__WORK ORDER__:
Since the records include pictures, leave those out while you reproduce exactly and only the lines from the one containing "Alfred Dunner White" through the one containing "5721 Friendswood Dr - Photo 6 of 16", inclusive.

__MATERIAL FOR THIS EXERCISE__:
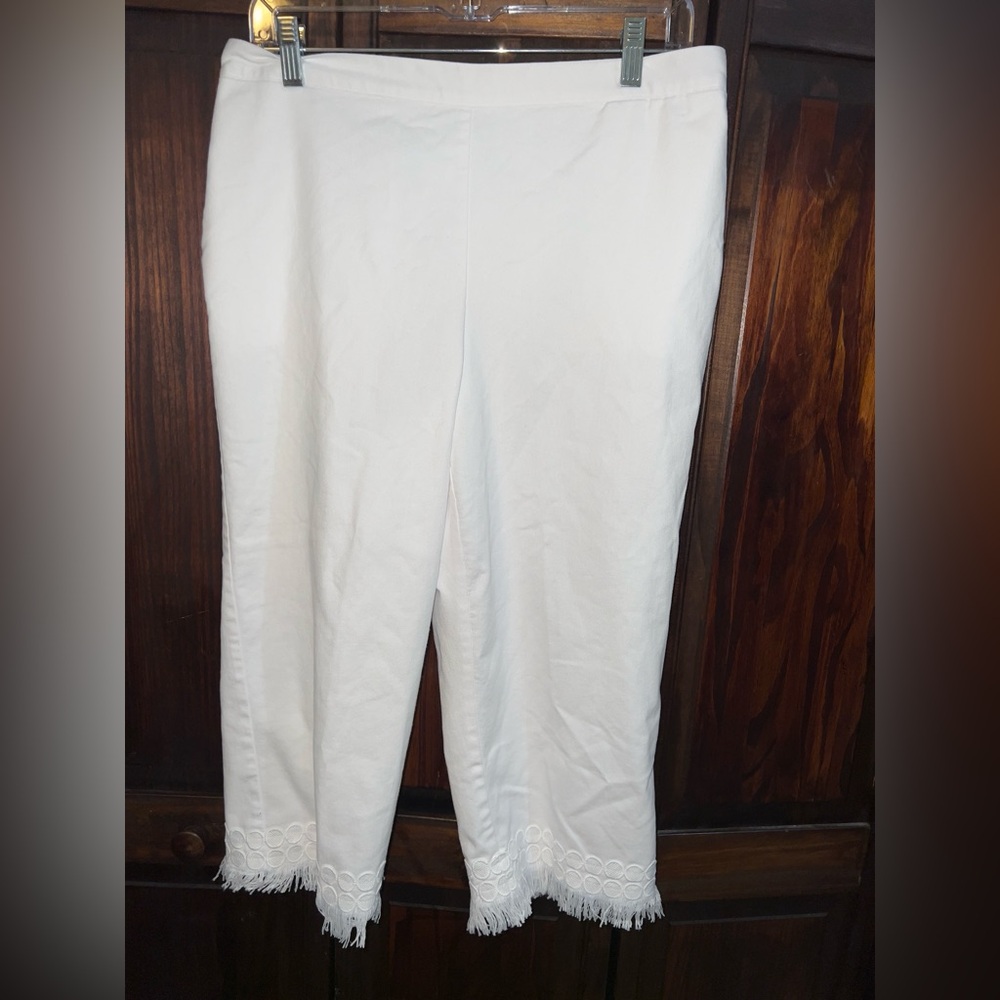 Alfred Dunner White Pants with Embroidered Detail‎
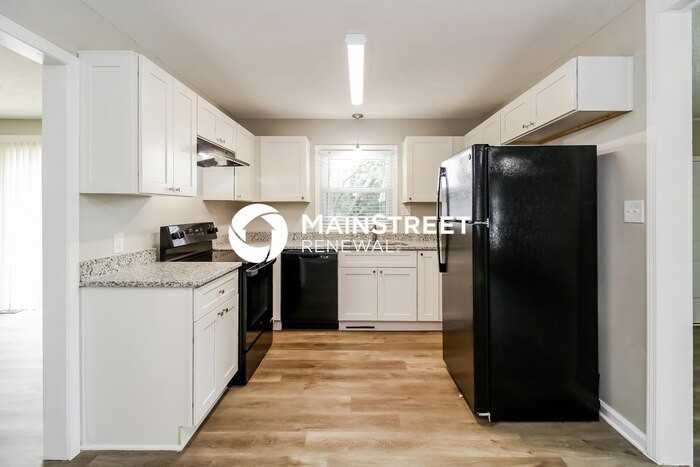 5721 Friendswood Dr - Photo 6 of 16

--

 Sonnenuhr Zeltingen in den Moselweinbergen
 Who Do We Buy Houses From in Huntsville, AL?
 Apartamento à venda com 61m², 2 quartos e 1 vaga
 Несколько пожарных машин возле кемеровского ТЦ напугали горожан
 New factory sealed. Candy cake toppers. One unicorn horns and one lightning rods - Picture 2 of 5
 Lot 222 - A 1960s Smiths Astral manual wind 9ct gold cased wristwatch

...

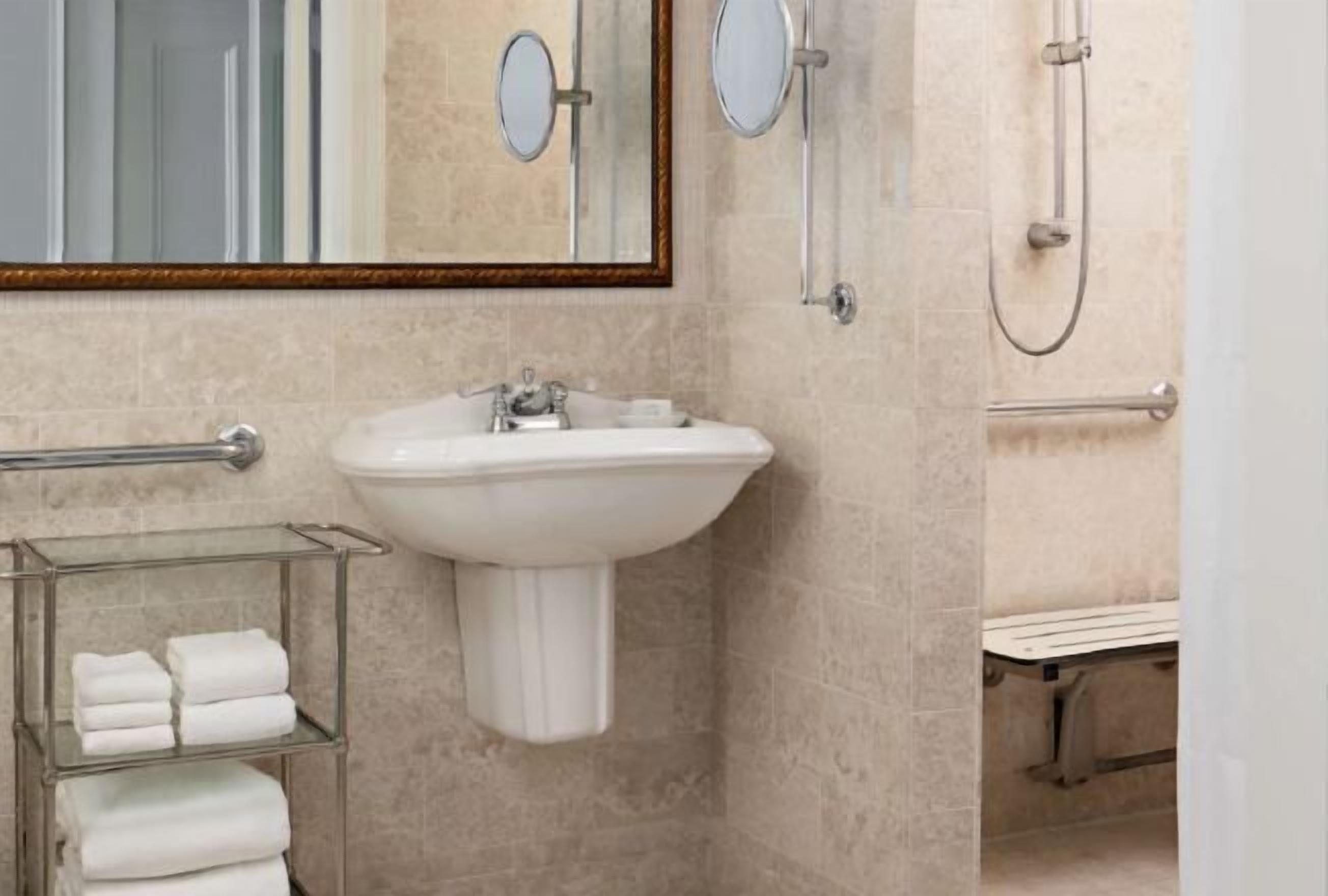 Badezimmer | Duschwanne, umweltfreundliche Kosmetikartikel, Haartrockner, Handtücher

__ANSWER SECTION__:
 Alfred Dunner White Pants with Embroidered Detail‎
 5721 Friendswood Dr - Photo 6 of 16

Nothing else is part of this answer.